Sustainable development hopes pinned on Rio+20 conference

Rural Women Assembly participating in the march for climate change on December 3 2011 in Durban. (Gallo)

Rural Women Assembly participating in the march for climate change on December 3 2011 in Durban. (Gallo)

A spirit of determination prevailed at Tuesday’s UN press briefing in Johannesburg about the Rio+20 conference, an international event aimed at igniting renewed political commitment to sustainable development issues that will take place in Brazil in June this year.

The event, known formally as the UN Conference on Sustainable Development, will bring together world leaders like François Hollande, Vladimir Putin and Jacob Zuma. 

Preparations for Rio+20 have been intense with 192 member states involved in pre-conference negotiations. It will include more than 500 side events.

Twenty years after the original “Earth Summit” was held in Rio de Janeiro, organisers hope the 2012 conference will “lay the foundations for economic growth, respect for the planet and social equity,” said Helen Hoedl, deputy director of the UN Information Centre of South Africa.

The conference will tackle two themes:

  • How to create a “green economy” while simultaneously striving to eradicate poverty; and
  • Institutional and political support for sustainable development.

According to Lana Lovasic, a social and economic development specialist, building a “green economy” will help avoid social catastrophe.

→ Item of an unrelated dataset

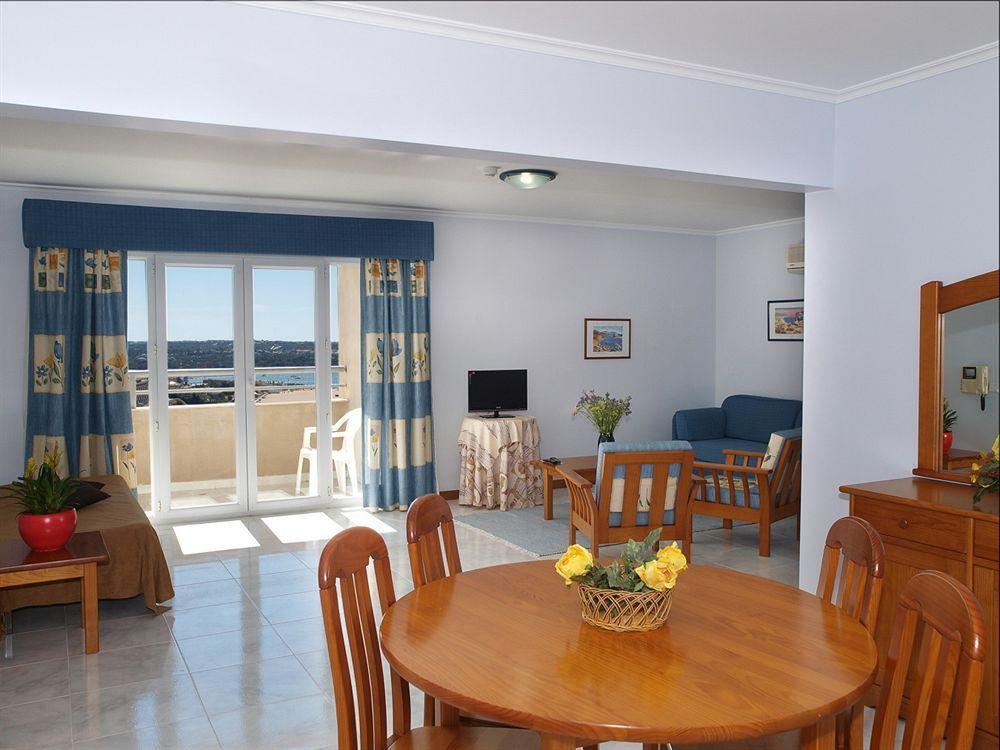 Apartamentos Jardins Da Rocha ปอร์ติเมา ภายนอก รูปภาพ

The way we use fuels “will likely not meet future demands,” Lovasic told the Mail & Guardian. If this happens, it will cause “massive social and political unrest”.

For South Africa, “using green technologies and systems to help [people] out of poverty” will be “critical” to ensure long-term economic and political stability.

Green is the new pink
Women will be the biggest winners in this envisaged movement to global green, suggested Maria Mbengashe, the UN Development Programme (UNDP)‘s programme manager for Environment and Energy in South Africa.
Increased energy supplies would “open new opportunities to women and girls”, because “they are most affected by the lack of access to energy,” she said. 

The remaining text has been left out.